# Looking for aviator chest plans



## PTownSubbie (Mar 6, 2009)

OK. Maybe not an aviator chest but something along those lines. I am looking for inspiration to build a chest for my boss that is retiring after 30 years of Naval Service as an Aviator.

I am looking for a flip top chest. Sort of like a treasure chest. Likely rounded on the top. Plans are to make it so he can put his flight suit, helmet and other collectables in it for storage.

Does anyone have any pictures or plans of a chest that may work?

Fred


----------



## Deadhead Derek (Dec 15, 2008)

this is a chest I am making for a time capsule, though smaller than I would think you would need. the top is ripped on the widest strip that will allow for the radius to be planed out of it, on a 9 degree bevel, and glued up on forms. the inlay on the top is cut in by hand, but a radiused base could be made for a router or dremel. the sides are dovetailed, and they will be covered by columns on the exterior that also have feet to them. rough dimension on this one are 21 long 13 wide and 9 tall.


----------



## PTownSubbie (Mar 6, 2009)

Derek,

That is definately along the lines of what I am looking for. Is it difficult to create the curvature on the top? That is really the only section that I am concerned with. I have done enough other woodwoorking to be able to create the rest.

Did you build this from plans or just trial and error?

Thanks for any info on how to build a curved top....

Fred


----------



## Deadhead Derek (Dec 15, 2008)

the top was a series of strips cut at 1 3/16ths I think, with a bevel on both sides built to a template on the bench to figure the angle. The strips were milled to 5/16ths thick. with a bigger chest, thicker stock would be a good idea, and might even give you the ability to spline the strips. make a form of the outside of the barrel for glue up and clamping. I hand planed the top to the radius, taking the high points of the strips off, though a square pad sander could get you close, and then a scraper for final.think ahead on your hinge choice, as the radius wont allow for much in the way of screws for a blind hinge, which is why I made decorative wooden ones as glue ons. The radius was established by using the golden mean on the length after the required width was established, and from that width, the height was G.M'd from it as well. the apex plus the desired height at the side walls gave me my arch.


----------



## Al B Cuttn Wud (Oct 14, 2007)

Shoot me an email, I've got some pictures I can send you of a really nice [email protected]


----------



## AZ Termite (Dec 20, 2008)

PT, you might look at http://www.meiselwoodhobby.com
they have quite a few different chest plans.
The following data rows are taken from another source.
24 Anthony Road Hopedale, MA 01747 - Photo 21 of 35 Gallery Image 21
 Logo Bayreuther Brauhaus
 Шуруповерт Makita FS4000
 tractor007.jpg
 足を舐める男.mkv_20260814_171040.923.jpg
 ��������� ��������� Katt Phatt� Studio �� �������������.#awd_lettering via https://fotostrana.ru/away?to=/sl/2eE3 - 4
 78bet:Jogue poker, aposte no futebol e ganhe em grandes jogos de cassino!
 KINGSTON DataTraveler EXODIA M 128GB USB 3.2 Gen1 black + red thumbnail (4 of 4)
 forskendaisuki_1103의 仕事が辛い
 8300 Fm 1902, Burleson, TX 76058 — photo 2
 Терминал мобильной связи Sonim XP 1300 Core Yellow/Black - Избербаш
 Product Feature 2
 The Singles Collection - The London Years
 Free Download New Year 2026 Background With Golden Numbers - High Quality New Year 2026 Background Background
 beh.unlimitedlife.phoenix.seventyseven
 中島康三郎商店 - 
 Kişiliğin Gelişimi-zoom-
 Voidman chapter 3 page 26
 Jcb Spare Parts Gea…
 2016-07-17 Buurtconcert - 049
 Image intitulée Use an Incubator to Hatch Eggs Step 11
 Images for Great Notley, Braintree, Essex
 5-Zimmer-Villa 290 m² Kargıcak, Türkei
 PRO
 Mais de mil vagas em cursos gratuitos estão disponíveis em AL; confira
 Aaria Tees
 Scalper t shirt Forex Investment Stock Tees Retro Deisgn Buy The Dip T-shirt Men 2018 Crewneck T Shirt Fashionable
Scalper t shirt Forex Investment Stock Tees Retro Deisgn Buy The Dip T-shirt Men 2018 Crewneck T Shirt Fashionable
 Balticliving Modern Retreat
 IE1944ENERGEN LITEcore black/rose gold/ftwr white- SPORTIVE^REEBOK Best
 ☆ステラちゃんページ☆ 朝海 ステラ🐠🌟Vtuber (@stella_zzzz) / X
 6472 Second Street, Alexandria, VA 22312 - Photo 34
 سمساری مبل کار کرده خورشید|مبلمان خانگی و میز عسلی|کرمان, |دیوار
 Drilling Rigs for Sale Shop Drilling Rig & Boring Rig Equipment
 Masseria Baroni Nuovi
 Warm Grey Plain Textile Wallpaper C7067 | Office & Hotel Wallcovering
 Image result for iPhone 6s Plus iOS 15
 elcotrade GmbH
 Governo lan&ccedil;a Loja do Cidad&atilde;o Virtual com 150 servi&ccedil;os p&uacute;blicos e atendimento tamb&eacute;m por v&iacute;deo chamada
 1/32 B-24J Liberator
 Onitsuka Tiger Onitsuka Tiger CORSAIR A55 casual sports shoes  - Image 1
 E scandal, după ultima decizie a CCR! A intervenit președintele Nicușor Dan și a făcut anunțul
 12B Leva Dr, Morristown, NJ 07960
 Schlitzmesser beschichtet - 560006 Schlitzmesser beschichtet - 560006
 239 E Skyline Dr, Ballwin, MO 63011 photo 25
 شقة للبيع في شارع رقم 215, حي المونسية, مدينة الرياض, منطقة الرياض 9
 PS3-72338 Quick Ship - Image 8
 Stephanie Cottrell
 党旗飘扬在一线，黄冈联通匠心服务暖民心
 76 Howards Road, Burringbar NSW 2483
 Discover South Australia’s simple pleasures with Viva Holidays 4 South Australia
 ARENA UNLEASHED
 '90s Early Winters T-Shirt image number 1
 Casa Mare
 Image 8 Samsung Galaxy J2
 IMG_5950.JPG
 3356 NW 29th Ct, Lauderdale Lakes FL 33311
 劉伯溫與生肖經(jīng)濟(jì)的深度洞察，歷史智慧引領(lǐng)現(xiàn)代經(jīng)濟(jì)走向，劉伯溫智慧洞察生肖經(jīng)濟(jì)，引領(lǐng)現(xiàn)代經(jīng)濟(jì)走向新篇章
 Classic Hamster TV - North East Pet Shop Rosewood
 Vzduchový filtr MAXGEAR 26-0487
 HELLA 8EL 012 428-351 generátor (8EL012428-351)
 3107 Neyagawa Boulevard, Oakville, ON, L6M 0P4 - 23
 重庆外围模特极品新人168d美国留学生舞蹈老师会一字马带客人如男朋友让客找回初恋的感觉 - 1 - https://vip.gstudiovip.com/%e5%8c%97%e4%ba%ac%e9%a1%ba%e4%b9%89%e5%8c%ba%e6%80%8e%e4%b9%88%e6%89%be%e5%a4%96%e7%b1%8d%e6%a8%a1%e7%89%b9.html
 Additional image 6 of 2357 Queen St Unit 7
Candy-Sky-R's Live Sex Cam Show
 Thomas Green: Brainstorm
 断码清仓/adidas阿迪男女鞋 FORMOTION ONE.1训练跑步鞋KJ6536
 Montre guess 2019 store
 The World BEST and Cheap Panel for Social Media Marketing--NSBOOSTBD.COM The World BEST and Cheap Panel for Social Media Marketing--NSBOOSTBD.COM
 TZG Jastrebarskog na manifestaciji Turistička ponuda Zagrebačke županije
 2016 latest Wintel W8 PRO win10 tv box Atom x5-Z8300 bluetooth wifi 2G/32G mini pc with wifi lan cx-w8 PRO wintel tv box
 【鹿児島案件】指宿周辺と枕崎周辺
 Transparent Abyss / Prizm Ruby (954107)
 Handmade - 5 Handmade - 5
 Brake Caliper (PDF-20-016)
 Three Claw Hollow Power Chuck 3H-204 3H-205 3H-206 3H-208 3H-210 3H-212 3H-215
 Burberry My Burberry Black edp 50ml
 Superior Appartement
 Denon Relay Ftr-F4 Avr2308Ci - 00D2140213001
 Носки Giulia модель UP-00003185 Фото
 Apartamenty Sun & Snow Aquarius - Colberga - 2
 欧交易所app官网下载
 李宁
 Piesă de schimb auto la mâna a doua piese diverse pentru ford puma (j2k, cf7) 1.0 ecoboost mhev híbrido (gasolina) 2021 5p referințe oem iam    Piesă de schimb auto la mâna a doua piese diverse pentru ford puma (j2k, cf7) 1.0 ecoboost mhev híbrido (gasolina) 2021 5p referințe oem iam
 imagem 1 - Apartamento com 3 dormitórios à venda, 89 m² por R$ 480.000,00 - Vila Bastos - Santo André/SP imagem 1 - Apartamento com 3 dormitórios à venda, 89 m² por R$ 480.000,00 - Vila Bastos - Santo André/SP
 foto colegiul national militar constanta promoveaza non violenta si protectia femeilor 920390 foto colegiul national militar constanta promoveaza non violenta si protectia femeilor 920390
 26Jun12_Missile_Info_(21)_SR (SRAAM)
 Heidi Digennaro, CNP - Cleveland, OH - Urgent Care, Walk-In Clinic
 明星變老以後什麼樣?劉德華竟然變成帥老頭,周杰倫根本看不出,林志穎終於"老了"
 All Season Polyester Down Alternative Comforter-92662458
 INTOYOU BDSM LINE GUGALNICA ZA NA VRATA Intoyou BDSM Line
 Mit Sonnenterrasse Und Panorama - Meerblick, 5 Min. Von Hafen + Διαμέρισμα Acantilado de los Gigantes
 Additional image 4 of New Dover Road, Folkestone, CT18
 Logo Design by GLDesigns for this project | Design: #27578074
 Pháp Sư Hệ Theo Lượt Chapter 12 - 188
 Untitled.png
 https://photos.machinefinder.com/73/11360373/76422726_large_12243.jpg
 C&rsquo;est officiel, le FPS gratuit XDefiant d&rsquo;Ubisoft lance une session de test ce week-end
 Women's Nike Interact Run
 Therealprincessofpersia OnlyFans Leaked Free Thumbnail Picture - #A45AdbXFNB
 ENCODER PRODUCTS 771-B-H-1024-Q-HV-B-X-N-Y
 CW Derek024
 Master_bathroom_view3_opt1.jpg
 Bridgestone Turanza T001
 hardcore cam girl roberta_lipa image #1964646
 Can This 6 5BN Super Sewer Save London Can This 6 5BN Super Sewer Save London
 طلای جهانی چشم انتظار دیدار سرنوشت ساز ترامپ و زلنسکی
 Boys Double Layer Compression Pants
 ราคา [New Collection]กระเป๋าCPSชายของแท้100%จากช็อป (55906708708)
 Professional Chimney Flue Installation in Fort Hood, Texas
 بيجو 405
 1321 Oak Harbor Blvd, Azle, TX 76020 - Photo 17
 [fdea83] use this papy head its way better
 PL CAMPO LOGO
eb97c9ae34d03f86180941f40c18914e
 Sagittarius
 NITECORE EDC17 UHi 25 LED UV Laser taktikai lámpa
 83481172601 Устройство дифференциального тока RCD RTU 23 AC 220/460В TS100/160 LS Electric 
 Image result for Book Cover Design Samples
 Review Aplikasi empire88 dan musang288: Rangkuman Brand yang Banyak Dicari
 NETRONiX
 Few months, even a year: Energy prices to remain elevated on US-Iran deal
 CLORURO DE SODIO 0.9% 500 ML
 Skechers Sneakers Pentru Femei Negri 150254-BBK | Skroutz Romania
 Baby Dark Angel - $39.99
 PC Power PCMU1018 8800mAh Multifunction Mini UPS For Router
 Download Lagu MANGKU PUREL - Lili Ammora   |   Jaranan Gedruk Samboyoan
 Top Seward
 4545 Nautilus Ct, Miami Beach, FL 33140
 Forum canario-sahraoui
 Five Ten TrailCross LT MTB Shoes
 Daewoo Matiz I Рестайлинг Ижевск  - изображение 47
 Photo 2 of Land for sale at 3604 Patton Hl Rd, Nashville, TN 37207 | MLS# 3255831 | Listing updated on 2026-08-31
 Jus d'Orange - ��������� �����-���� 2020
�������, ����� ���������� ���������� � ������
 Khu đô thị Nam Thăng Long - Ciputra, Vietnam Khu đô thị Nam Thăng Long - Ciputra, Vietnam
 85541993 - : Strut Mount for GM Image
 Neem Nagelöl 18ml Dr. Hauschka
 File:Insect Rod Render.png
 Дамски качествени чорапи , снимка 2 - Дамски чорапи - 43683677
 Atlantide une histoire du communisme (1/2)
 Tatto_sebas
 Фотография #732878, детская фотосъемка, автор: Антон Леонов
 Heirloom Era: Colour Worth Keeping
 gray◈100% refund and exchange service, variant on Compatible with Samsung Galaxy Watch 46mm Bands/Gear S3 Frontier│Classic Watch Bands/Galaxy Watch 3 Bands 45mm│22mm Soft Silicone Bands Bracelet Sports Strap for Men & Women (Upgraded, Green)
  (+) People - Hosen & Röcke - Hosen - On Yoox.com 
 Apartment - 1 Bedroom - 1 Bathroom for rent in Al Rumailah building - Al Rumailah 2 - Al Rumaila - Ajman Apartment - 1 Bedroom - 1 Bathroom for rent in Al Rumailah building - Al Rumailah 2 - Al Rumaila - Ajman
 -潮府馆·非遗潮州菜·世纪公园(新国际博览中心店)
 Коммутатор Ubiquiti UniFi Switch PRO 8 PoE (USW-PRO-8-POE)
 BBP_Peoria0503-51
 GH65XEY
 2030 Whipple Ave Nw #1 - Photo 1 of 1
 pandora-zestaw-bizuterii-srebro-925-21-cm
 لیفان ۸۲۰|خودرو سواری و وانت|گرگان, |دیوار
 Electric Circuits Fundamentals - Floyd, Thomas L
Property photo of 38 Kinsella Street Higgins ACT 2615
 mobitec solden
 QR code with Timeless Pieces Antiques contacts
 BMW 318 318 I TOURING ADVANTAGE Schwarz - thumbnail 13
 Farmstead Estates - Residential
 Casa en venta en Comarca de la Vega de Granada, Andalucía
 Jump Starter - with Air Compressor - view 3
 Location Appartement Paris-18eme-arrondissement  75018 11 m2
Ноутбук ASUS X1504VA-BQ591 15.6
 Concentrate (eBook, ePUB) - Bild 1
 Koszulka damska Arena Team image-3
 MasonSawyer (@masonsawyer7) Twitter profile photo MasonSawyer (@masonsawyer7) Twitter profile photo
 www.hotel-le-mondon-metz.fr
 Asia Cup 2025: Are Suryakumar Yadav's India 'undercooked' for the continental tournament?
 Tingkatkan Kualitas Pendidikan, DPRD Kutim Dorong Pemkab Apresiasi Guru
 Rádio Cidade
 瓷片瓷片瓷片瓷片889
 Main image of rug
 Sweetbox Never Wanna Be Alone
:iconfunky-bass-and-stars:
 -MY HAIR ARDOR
Hope this helps.


----------



## Al B Cuttn Wud (Oct 14, 2007)

Fred,
Already sent you the link but thought I would add on here in case anyone else was looking for plans.

http://www.rockler.com/product.cfm?page=431&filter=chest


----------



## Deadhead Derek (Dec 15, 2008)

Al B Cuttn Wud said:


> Fred,
> Already sent you the link but thought I would add on here in case anyone else was looking for plans.
> 
> http://www.rockler.com/product.cfm?page=431&filter=chest


that's a cool looking chest, thanks for posting that


----------



## GeorgeC (Jul 30, 2008)

Al B Cuttn Wud said:


> Fred,
> Already sent you the link but thought I would add on here in case anyone else was looking for plans.
> 
> http://www.rockler.com/product.cfm?page=431&filter=chest


That is quite interesting. You could scale that to just about any size you wanted.

George


----------



## GeorgeC (Jul 30, 2008)

PTownSubbie said:


> OK. Maybe not an aviator chest but something along those lines. I am looking for inspiration to build a chest for my boss that is retiring after 30 years of Naval Service as an Aviator.
> 
> I am looking for a flip top chest. Sort of like a treasure chest. Likely rounded on the top. Plans are to make it so he can put his flight suit, helmet and other collectables in it for storage.
> 
> ...


That is quite a nice idea.

A lot more unique and useful that then ubiquitous shadow box for medals.

One of the unique gifts that I received when I retired from the Air was a rocking chair. Does not take much imagination to understand the significance of that.

George


----------